Aim of the exercise ::
Copy the records below exactly, starting at the line that contains "Іванофранківцям показали фотодокументальні" and ending at the line that contains "4-bedroom apartment for"; leave out any pictures.

The records ::
****************************************

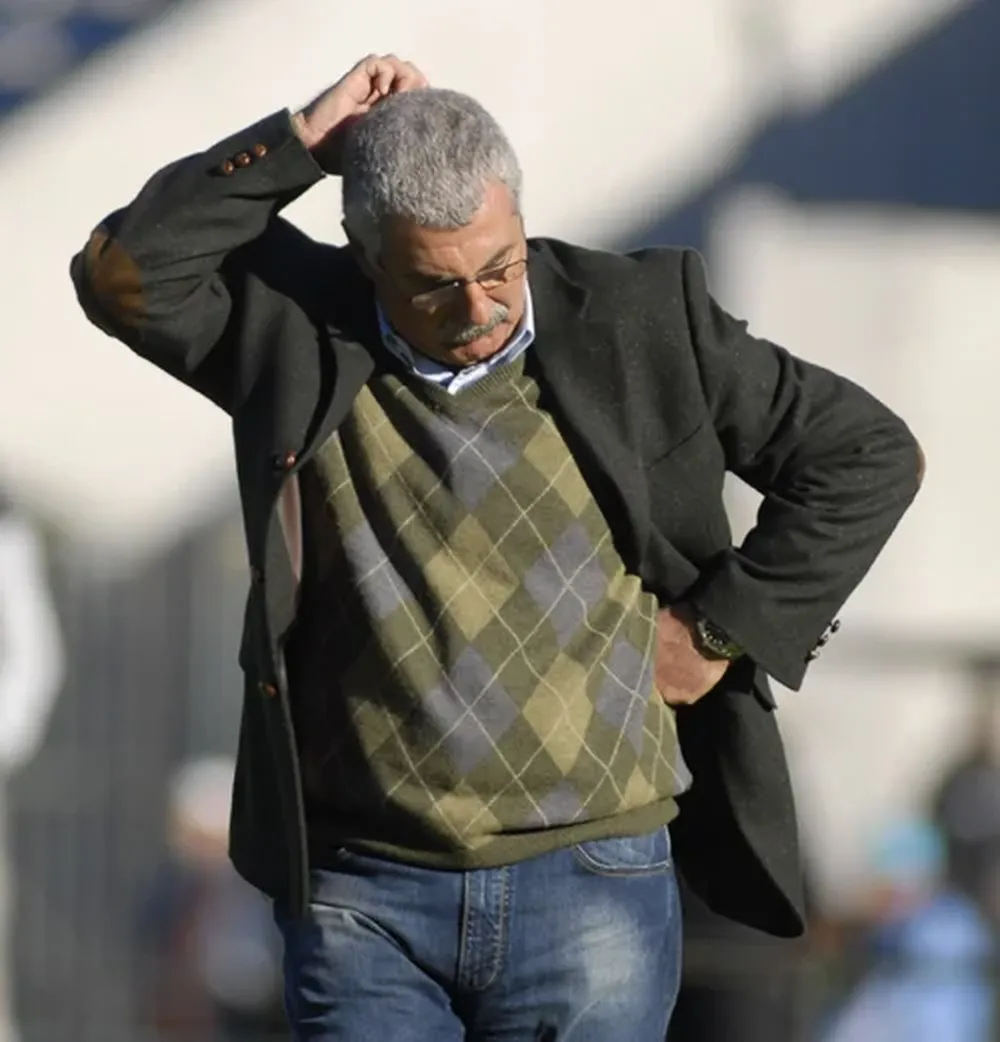 Manuel Keosseian, el último técnico destituido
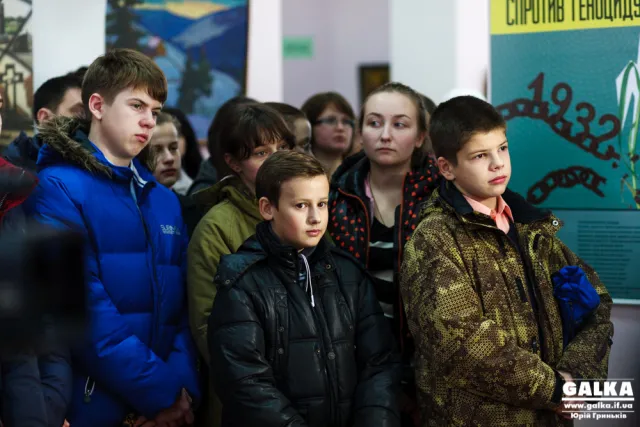 Іванофранківцям показали фотодокументальні стенди «Спротив геноциду» (фото) — фото 9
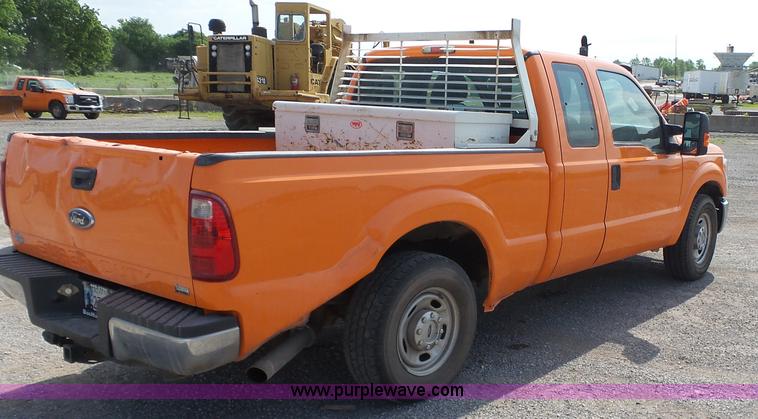 image for item J2790 2011 Ford F250 SuperCab pickup truck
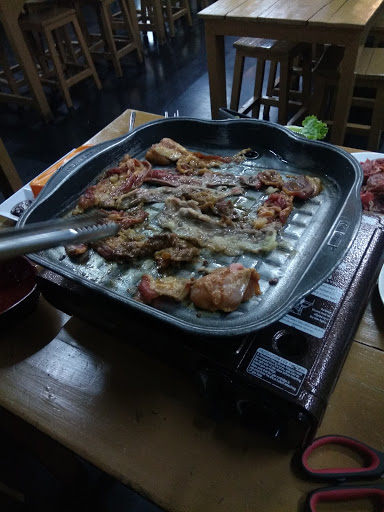 Manse Korean Grill Radio Dalam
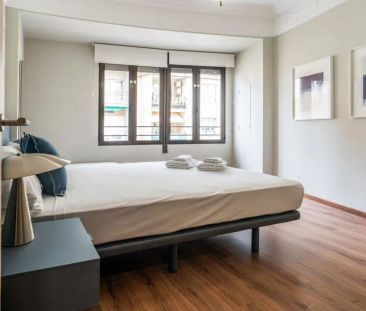 4-bedroom apartment for rent in Sant Francesc, Valencia - Foto 1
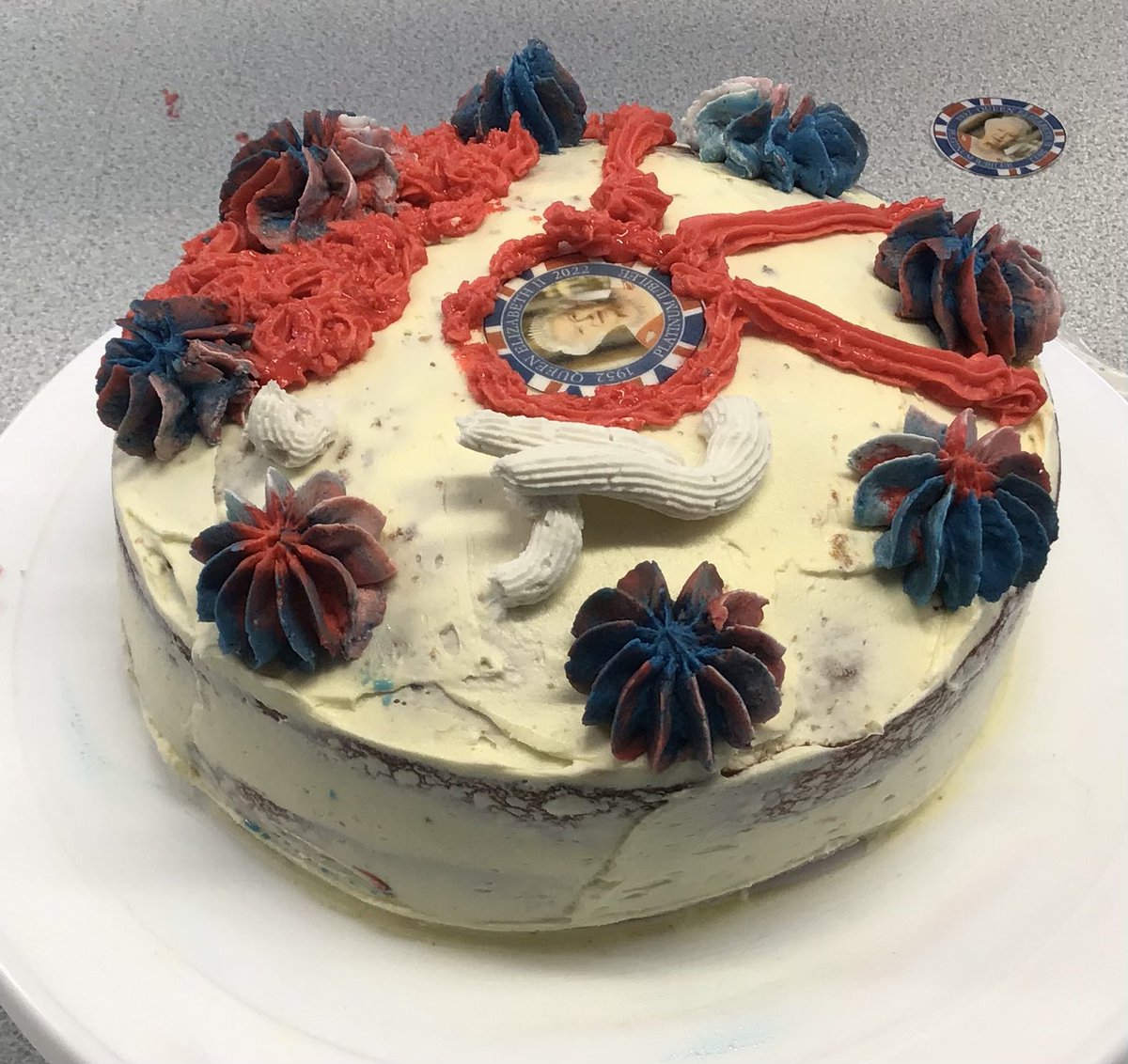 TirMorfa's tweet photo. #ytmLlandegla have been lucky to have some cake decorating skills demonstrated. Our piping skills were fabulous and our Jubilee cakes delicious. Thank you Chelsea! #ytmexpart #ytmscitech #PlatinumJubileeCelebration https://t.co/IsuL5SLHWW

****************************************

Reply ::
 Іванофранківцям показали фотодокументальні стенди «Спротив геноциду» (фото) — фото 9
 image for item J2790 2011 Ford F250 SuperCab pickup truck
 Manse Korean Grill Radio Dalam
 4-bedroom apartment for rent in Sant Francesc, Valencia - Foto 1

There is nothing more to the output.